» **ACTIVITY**
Return the material below exactly, but only from the line with "1452291388，圖片 1）。簡介： 。" through the line with "ฟิล์มกระจก แบบใส FOCUS", and without its pictures.
*** GIVEN ENTRIES
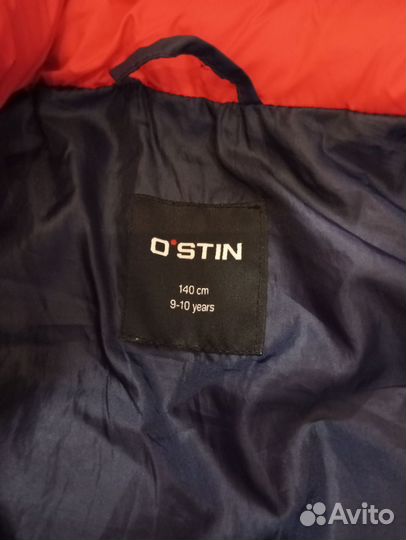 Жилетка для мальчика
******
*** GIVEN ENTRIES
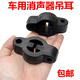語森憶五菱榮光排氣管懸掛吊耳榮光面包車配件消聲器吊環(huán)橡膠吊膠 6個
******
*** GIVEN ENTRIES
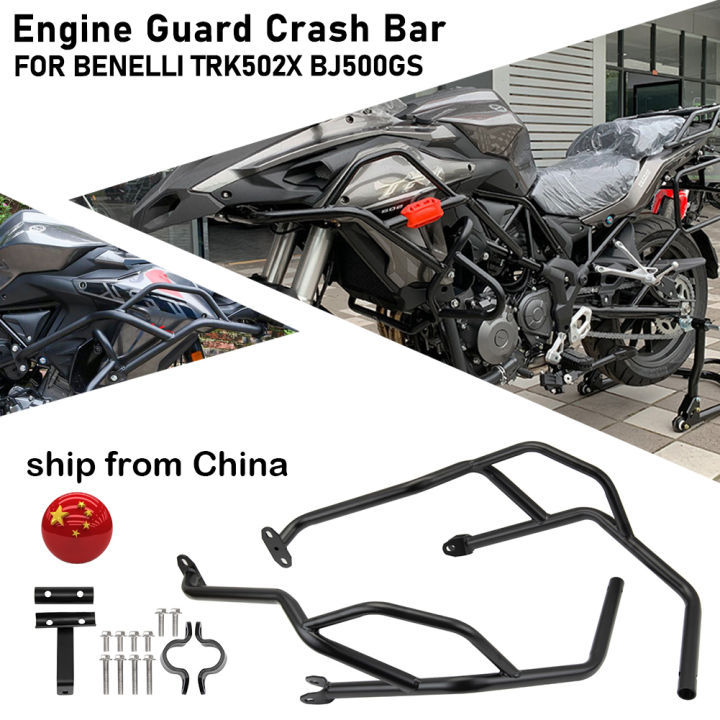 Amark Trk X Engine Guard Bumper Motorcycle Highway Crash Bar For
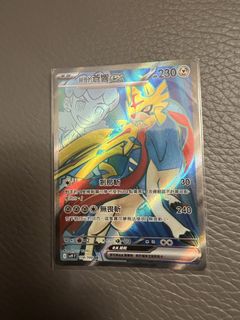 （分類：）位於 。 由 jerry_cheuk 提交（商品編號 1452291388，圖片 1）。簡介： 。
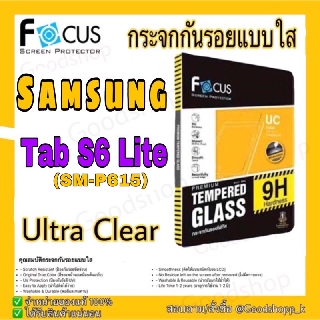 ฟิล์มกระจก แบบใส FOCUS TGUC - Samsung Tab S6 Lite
******
» **RESULT OF THIS TASK**
 （分類：）位於 。 由 jerry_cheuk 提交（商品編號 1452291388，圖片 1）。簡介： 。
 ฟิล์มกระจก แบบใส FOCUS TGUC - Samsung Tab S6 Lite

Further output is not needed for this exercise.